Crawled caption data —
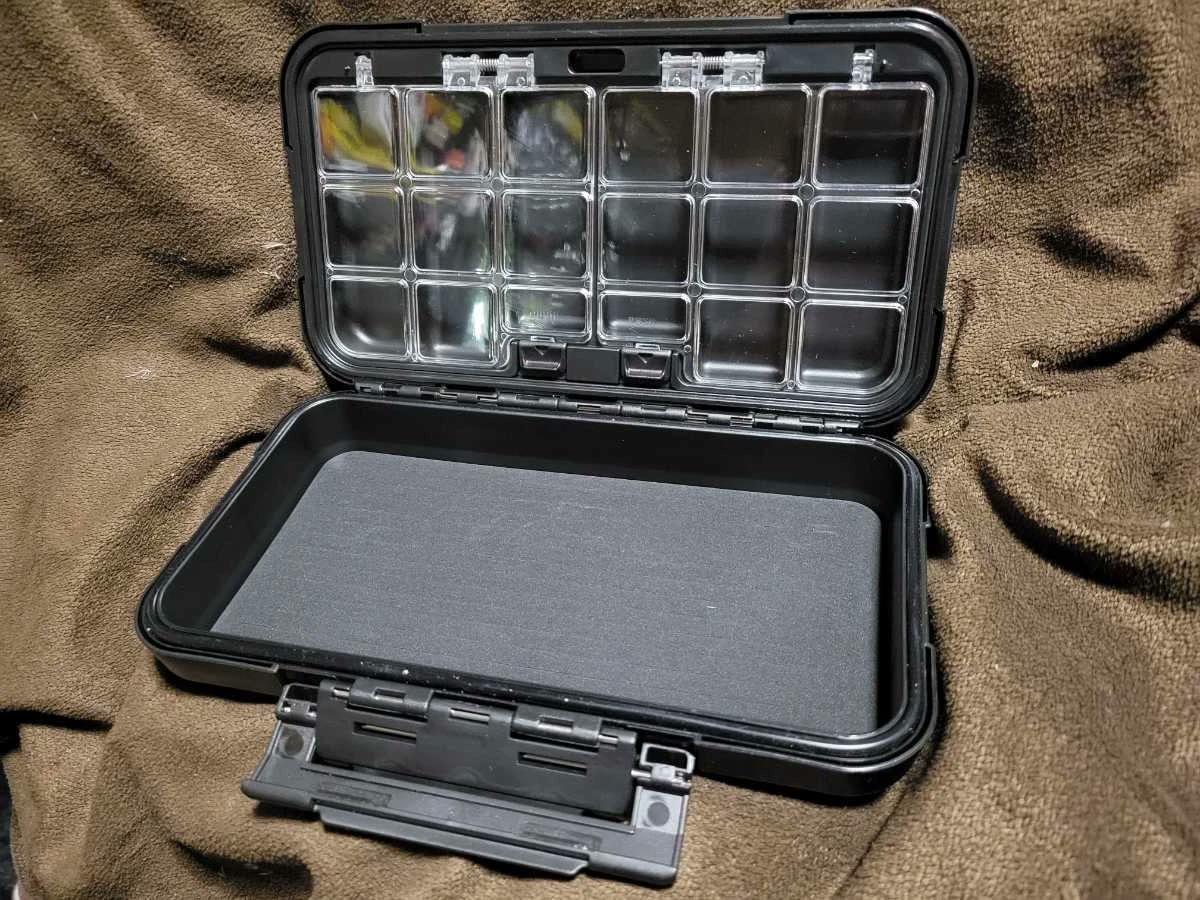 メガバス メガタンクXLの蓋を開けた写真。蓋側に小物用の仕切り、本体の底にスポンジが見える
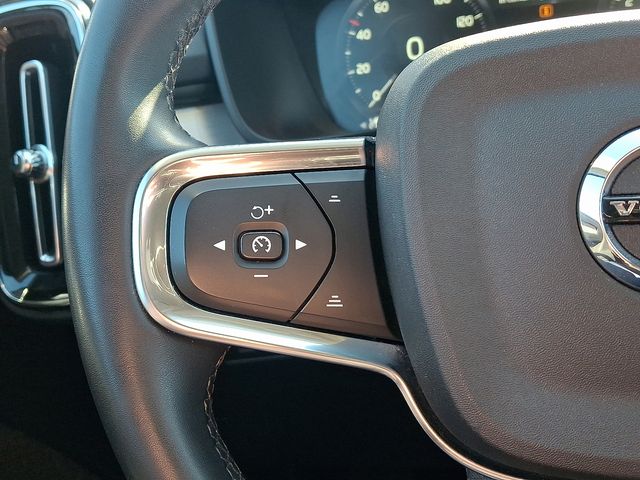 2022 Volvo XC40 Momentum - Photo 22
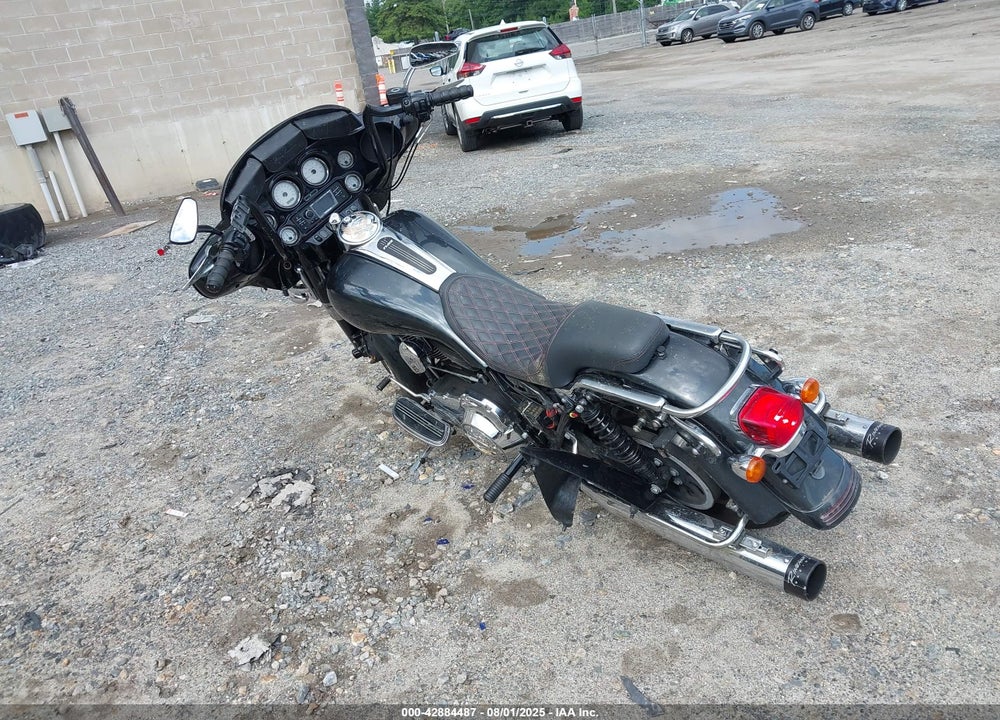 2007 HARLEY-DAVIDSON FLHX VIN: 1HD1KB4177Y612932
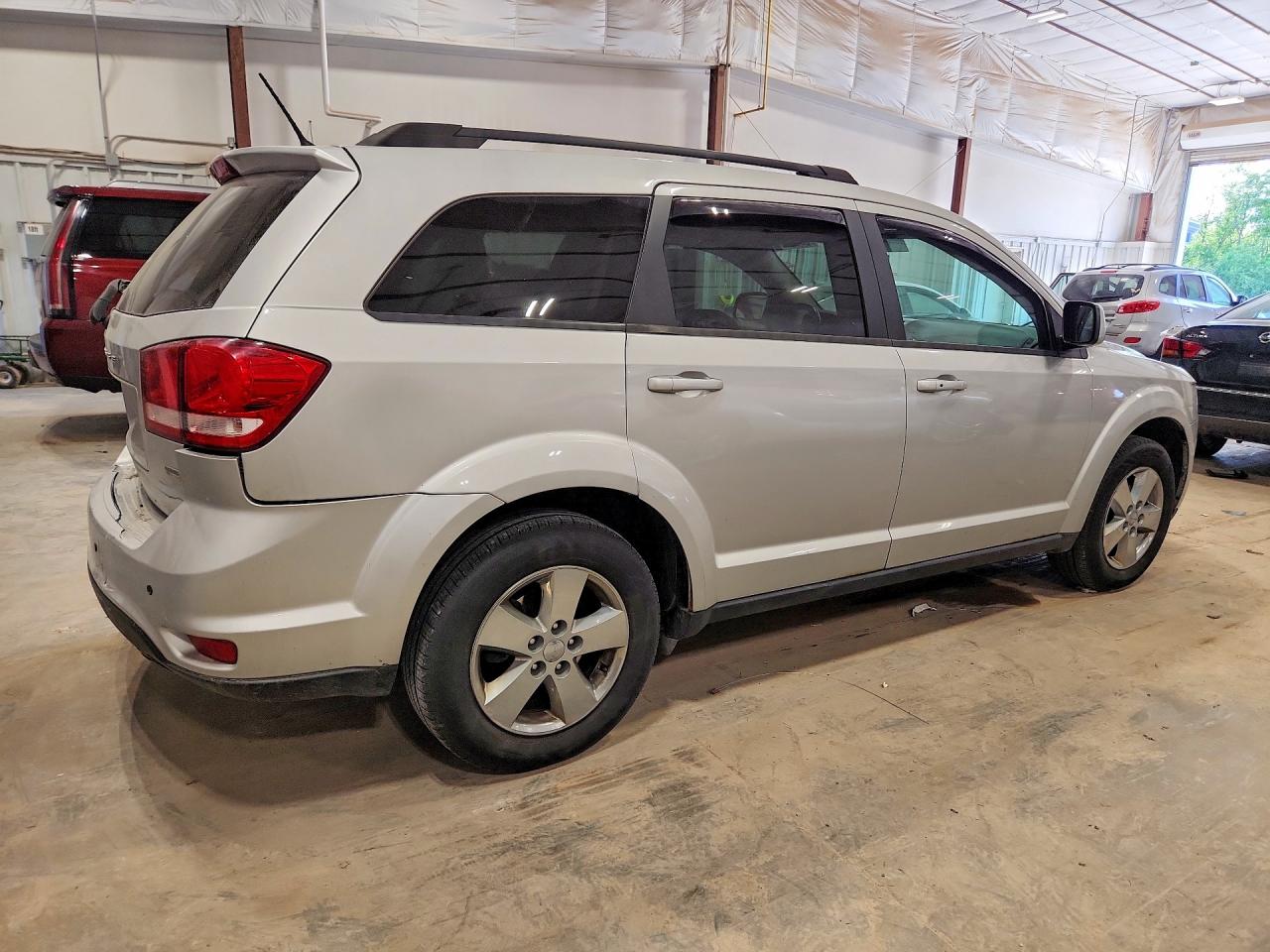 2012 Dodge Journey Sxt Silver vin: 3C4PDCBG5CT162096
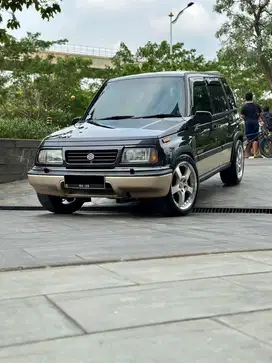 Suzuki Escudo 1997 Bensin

THE TASK — Leaving every picture out, return the lines from the one containing "2022 Volvo XC40 Momentum - Photo 22" through the last line of the records exactly.

OUTPUT BELOW —
 2022 Volvo XC40 Momentum - Photo 22
 2007 HARLEY-DAVIDSON FLHX VIN: 1HD1KB4177Y612932
 2012 Dodge Journey Sxt Silver vin: 3C4PDCBG5CT162096
 Suzuki Escudo 1997 Bensin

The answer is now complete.